When a document contains a request for bibliographies, typically due to the \bibliography{..} command, the postprocessor will look for the named bibliographies. It first looks for preconverted bibliographies with the extention .bib.xml, otherwise it will look for .bib and convert it internally (the latter is a somewhat experimental feature).

If you want to override that search, for example using a bibliography with a different name, you can supply that filename using the option

--bibliography=bibfile.bib.xml

Note that the internal bibliography list will then be ignored. The bibliography would have typically been produced by running

latexml --dest=bibfile.bib.xml bibfile.bib

Note that the XML file, bibfile, is not used to directly produce an HTML-formatted bibliography, rather it is used to fill in the \bibliography{..} within a TeX document.

Cross-Referencing

In this stage, the scanned information is used to fill in the text and links of cross-references within the document. The option

--urlstyle=(server|negotiated|file)

can control the format of urls with the document.

server

formats urls appropriate for use from a web server. In particular, trailing index.html are omitted. (default)

negotiated

formats urls appropriate for use by a server that implements content negotiation. File extensions for html and xhtml are omitted. This enables you to set up a server that serves the appropriate format depending on the browser being used.

file

formats urls explicitly, with full filename and extension. This allows the files to be browsed from the local filesystem.

Math Conversion

Specific conversions of the mathematics can be requested using the options

--mathimages                   # converts math to png images,
--presentationmathml or --pmml # creates Presentation MathML
--contentmathml or --cmml      # creates Content MathML
--openmath or --om             # creates OpenMath
--keepXMath                    # preserves LaTeXML's XMath

(Each of these options can also be negated if needed, eg. --nomathimages) It must be pointed out that the Content MathML and OpenMath conversions are currently rather experimental.

If more than one of these conversions are requested, parallel math markup will be generated with the first format being the primary one, and the additional ones added as secondary formats. The secondary format is incorporated using whatever means the primary format uses; eg. MathML combines formats using m:semantics and m:annotation-xml.
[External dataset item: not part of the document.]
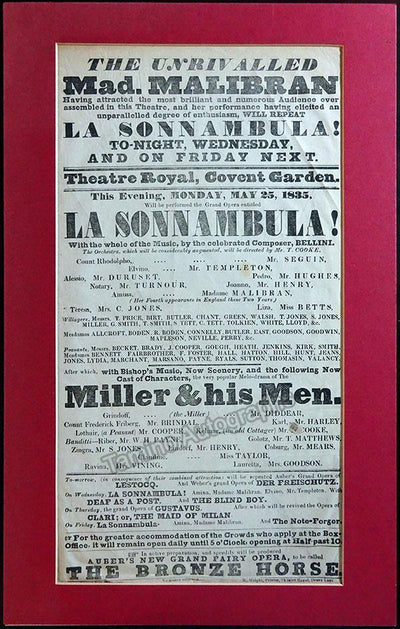 Malibran, Maria - La Sonnambula Opera Playbill 1835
Given the state of current browsers, when generating MathML it may be useful to conditionally include the MathJax library for rendering MathML in browsers that don’t support it natively. The following option will load MathJax into such browsers:

--javascript=LaTeXML-maybeMathJax.js

Graphics processing

Conversion of graphics (eg. from the graphic(s|x) packages’ \includegraphics) can be enabled or disabled using

--graphicsimages or --nographicsimages

Similarly, the conversion of picture environments can be controlled with

--pictureimages or --nopictureimages

An experimental capability for converting the latter to SVG can be controlled by

--svg or --nosvg

Stylesheets and Javascript

If you wish to provide your own XSLTCSS stylesheets or javascript programs, the options

--stylesheet=stylesheet.xsl
--css=stylesheet.css
--nodefaultcss
--javascript=program.js

can be used. The --css and --javascript options provide CSS stylesheets and javascript programs respectively; they can be repeated to include multiple files. In both cases, if a local file is referenced, it will be copied to the destination directory, but otherwise urls are accepted.
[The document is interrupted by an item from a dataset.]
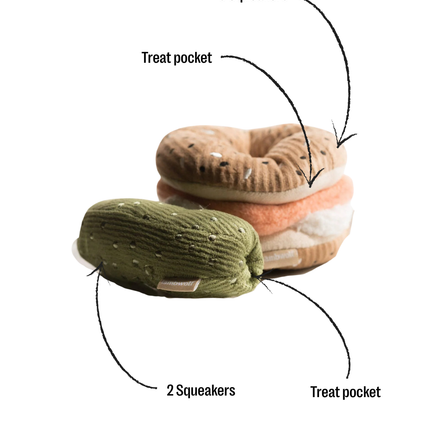 Bagel + Pickle enrichment dog toy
The core CSS stylesheet, LaTeXML.css, helps match the basic styling of LaTeX to HTML; certain bindings, such as amsart, automatically include additional stylesheets to better match the desired style. You can also request the inclusion of your own stylesheets from the commandline using --css option. Some sample CSS enhancements are included with the distribution:

LaTeXML-navbar-left.css

Places a navigation bar on the left.

LaTeXML-navbar-right.css

Places a navigation bar on the left.

LaTeXML-blue.css

Colors various features in a soft blue.

In cases where you wish to completely manage the CSS  the option --nodefaultcss causes only explicitly requested css files to be included.

Javascript files are included in the generated HTML by using the --javascript option. The distribution includes a sample LaTeXML-maybeMathjax.js which is useful for supporting MathML: it invokes MathJax11http://mathjax.org to render the mathematics in browsers without native support for MathML. Alternatively, you can invoke MathJax unconditionally, from the ‘cloud’ by using:

latexmlpost --format=html5 \
   --javascript='http://cdn.mathjax.org/mathjax/latest/MathJax.js \
   --destination=somewhere/doc.html doc

See 4.2.2 for more information on developing your own stylesheets. To develop CSS and XSLT stylesheets, a knowledge of the LaTeXML document type is also necessary; see Appendix I.